I’ll never forget the first thing personal finance journalist and podcaster Farnoosh Torabi said to me a few months before I launched our new weekly podcast, “How Do We Fix It?”.
“What is going to be your target audience?” she asked, looking me straight in the eye as we sat down for lunch at a restuarant in Midtown Manhattan.
Well, I have to admit that 7 shows in, I’m still working on that.
Unlike many podcasts built around niche markets, such as health, wealth, relationships, or being a great entrepreneur, ours is general interest. Our listeners don’t have exactly the same interests, or three or four favorite Twitter feeds and Facebook pages that they all go to.
The community we are building week-by-week wants solutions to many different problems that bug all of us – whether it’s the challenge of raising kids with good values and curious minds, the struggle of getting out from under a mountain of debt, or how to end boredom in the workplace.
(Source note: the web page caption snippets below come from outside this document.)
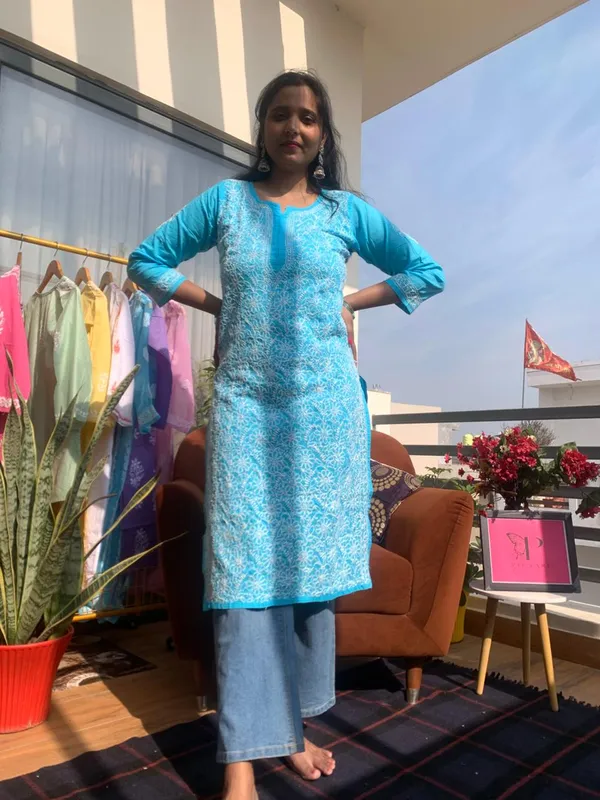 Blue_Jaal_Chikankari__Cotton_kurta_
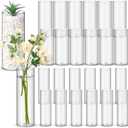 Nuogo 24 Pcs 10 Inch Acrylic Clear Cylinder Vase Plastic Flower Vase Unbreakable Tall for Wedding Centerpieces Party Home Plants Bouquet Decor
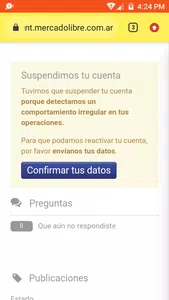 Me retuvieron el dinero de mi cuenta y me suspendieron sin razón alguna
We’re not in the blame game. Our show has a positive, independent point of view that shuns the old left vs. right mindset.
I’ve been watching my friend Farnoosh rather closely to see what ideas we can learn from her about growing an audience.
The first thing I learned is that she’s a brilliant marketer, who does a great job of using Twitter and the So Money website to promote herself, her guests and ideas. Farnoosh is also the real deal who cares about her listeners. In a medium as intimate as podcasting, being authentic is vitally important.
This week I was a guest on her daily show. After years of interviews where I ask the questions, it was a bit of a shock to have the tables turned! And Farnoosh was very clear about she wanted from me: life lessons and good stories about my experience with money.
Her show’s example has helped Jim, Miranda and I (The “Fix It” team) with our podcast. How Do We Fix It? isn’t just about good ideas and concise solutions. We also need to tell personal stories. And we want listeners to give us guidance and suggestions about where our show should go next.
Unlike the old days, when broadcast and print journalists simply put out a well produced finished product, podcasts are more spontaneous and part of a conversation.
To build support, we’ve just added a pop-up page at our website, urging listeners and supporters to sign-up and suggest ideas for future shows. Having subscribers who rate our shows in iTunes is vitally important to us.
In the near future, How Do We Fix It? may launch a Kickstarter page to raise funds to get the message out about our big idea. Our show is about solutions. We welcome lively minds with fresh ideas, who want to make our country better. That’s why we also picked Farnoosh to be our guest this week.
Five years after the worst of the recession ended, tens of millions of Americans are still struggling to make ends meet. For many the assumptions of a comfortable life were swept away with the mortgage mess and near financial collapse in 2008.
Because the subject can be painful, it’s easy to be in money denial. Farnoosh makes the case for making financial management a part of your daily life. “A lot of us don’t even take that first step of acknowledging money is important and that it can be a means to achieving a lot of life’s goals,” she says.
“If you have a story in your head that says ‘I’m not good enough, I’m not rich enough, I can’t work the job that will pay me enough money… Those are just barriers that you’ve created in your mind that are keeping you away from being able to reach financial freedom.”
Farnoosh is not suggesting that we obsess about money, and give it primacy over love, relationships and family. “You don’t have to give up your morning latte to achieve your goals.”